[Supplied data]
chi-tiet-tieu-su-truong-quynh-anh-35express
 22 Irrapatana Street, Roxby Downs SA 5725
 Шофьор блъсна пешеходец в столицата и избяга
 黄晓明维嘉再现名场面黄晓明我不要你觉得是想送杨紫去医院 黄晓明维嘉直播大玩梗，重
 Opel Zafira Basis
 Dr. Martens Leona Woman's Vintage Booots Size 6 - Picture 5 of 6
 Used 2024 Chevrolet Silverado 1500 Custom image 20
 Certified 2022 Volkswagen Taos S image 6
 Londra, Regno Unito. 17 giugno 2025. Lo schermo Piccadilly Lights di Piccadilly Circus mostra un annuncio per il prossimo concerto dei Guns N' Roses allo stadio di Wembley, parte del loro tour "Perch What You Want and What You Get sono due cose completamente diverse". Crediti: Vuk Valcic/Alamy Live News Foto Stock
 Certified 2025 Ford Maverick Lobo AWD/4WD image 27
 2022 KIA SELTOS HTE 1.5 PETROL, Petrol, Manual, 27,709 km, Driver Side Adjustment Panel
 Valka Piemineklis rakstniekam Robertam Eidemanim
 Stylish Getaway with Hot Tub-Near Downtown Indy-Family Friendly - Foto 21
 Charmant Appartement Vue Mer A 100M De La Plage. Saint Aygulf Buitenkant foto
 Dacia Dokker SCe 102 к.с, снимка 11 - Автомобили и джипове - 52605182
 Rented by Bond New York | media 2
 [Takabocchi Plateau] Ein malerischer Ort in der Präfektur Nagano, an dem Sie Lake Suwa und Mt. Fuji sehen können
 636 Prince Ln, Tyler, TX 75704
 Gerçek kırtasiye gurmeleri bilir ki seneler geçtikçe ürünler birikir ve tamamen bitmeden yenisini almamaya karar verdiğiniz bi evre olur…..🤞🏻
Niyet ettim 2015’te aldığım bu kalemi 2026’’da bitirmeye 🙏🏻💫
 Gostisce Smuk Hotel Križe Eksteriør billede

[Exercise prompt] Your answer must be the full listing, copied exactly.

[Expected output]
chi-tiet-tieu-su-truong-quynh-anh-35express
 22 Irrapatana Street, Roxby Downs SA 5725
 Шофьор блъсна пешеходец в столицата и избяга
 黄晓明维嘉再现名场面黄晓明我不要你觉得是想送杨紫去医院 黄晓明维嘉直播大玩梗，重
 Opel Zafira Basis
 Dr. Martens Leona Woman's Vintage Booots Size 6 - Picture 5 of 6
 Used 2024 Chevrolet Silverado 1500 Custom image 20
 Certified 2022 Volkswagen Taos S image 6
 Londra, Regno Unito. 17 giugno 2025. Lo schermo Piccadilly Lights di Piccadilly Circus mostra un annuncio per il prossimo concerto dei Guns N' Roses allo stadio di Wembley, parte del loro tour "Perch What You Want and What You Get sono due cose completamente diverse". Crediti: Vuk Valcic/Alamy Live News Foto Stock
 Certified 2025 Ford Maverick Lobo AWD/4WD image 27
 2022 KIA SELTOS HTE 1.5 PETROL, Petrol, Manual, 27,709 km, Driver Side Adjustment Panel
 Valka Piemineklis rakstniekam Robertam Eidemanim
 Stylish Getaway with Hot Tub-Near Downtown Indy-Family Friendly - Foto 21
 Charmant Appartement Vue Mer A 100M De La Plage. Saint Aygulf Buitenkant foto
 Dacia Dokker SCe 102 к.с, снимка 11 - Автомобили и джипове - 52605182
 Rented by Bond New York | media 2
 [Takabocchi Plateau] Ein malerischer Ort in der Präfektur Nagano, an dem Sie Lake Suwa und Mt. Fuji sehen können
 636 Prince Ln, Tyler, TX 75704
 Gerçek kırtasiye gurmeleri bilir ki seneler geçtikçe ürünler birikir ve tamamen bitmeden yenisini almamaya karar verdiğiniz bi evre olur…..🤞🏻
Niyet ettim 2015’te aldığım bu kalemi 2026’’da bitirmeye 🙏🏻💫
 Gostisce Smuk Hotel Križe Eksteriør billede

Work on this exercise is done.